Episode Details
Back to Episodes
295: Fun with funlinkat()
Description
Introducing funlinkat(), an OpenBSD Router with AT&T U-Verse, using NetBSD on a raspberry pi, ZFS encryption is still under development, Rump kernel servers and clients tutorial, Snort on OpenBSD 6.4, and more.
Headlines
Introducing funlinkat
- It turns out, every file you have ever deleted on a unix machine was probably susceptible to a race condition
One of the first syscalls which was created in Unix-like systems is unlink. In FreeBSD this syscall is number 10 (source) and in Linux, the number is dependent on the architecture but for most of them is also the tenth syscall (source). This indicated that this is one of the primary syscalls. The unlink syscall is very simple and we provide one single path to the file that we want to remove. The “removing file” process itself is very interesting so let’s spend a moment to understand the it. First, by removing the file we are removing a link from the directory to it. In Unix-like systems we can have many links to a single file (hard links). When we remove all links to the file, the file system will mark the blocks used by the file as free (a different file system will behave differently but let’s not jump into a second digression). This is why the process is called unlinking and not “removing file”. While we unlink the file two or three things will happen:
- We will remove an entry in the directory with the filename.

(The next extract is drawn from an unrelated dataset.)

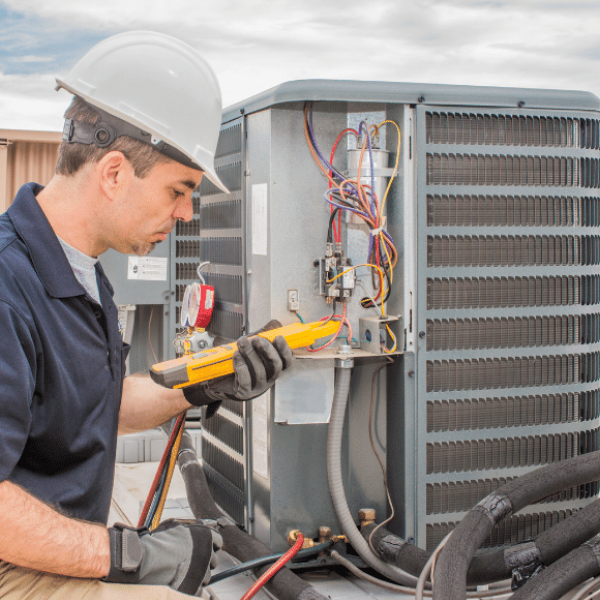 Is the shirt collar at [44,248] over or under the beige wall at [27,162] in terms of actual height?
under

- We will decrease a file reference count (in inode).
- If links go to zero - the file will be removed from the disk (again this doesn't mean that the blocks from the disk will be filled with zeros, though this may happen depending on the file system and configuration. However, in most cases this means that the file system will mark those blocks to as free and use them to write new data later This mostly means that “removing file” from a directory is an operation on the directory and not on the file (inode) itself. Another interesting subject is what happens if our system will perform only first or second step from the list. This depends on the file system and this is also something we will leave for another time. The problem with the unlink and even unlinkat function is that we don’t have any guarantee of which file we really are unlinking.
- When you delete a file using its name, you have no guarantee that someone has not already deleted the file, or renamed it, and created a new file with the name you are about to delete. We have some stats about the file that we want to unlink. We performed some tests. In the same time another process removed our file and recreated it. When we finally try to remove our file it is no longer the same file. It’s a classic race condition.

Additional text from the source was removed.